Records for this exercise |
-- Opening Marker --

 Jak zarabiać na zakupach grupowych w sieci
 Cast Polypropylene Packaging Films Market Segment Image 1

-- Closing Marker --
-- Opening Marker --

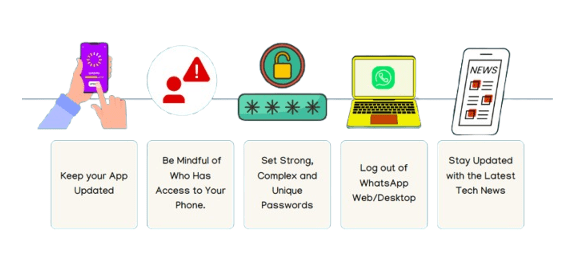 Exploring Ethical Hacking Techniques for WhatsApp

-- Closing Marker --
-- Opening Marker --

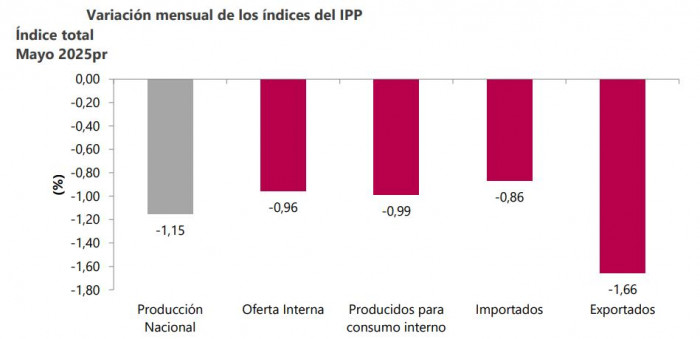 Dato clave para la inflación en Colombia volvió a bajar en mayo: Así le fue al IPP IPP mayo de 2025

-- Closing Marker --

Required work | Using the entries above, extract exactly the span from the line with "Jak zarabiać na zakupach grupowych w sieci" to the line with "Cast Polypropylene Packaging", both lines included; leave out everything else.

Result for this exercise |
 Jak zarabiać na zakupach grupowych w sieci
 Cast Polypropylene Packaging Films Market Segment Image 1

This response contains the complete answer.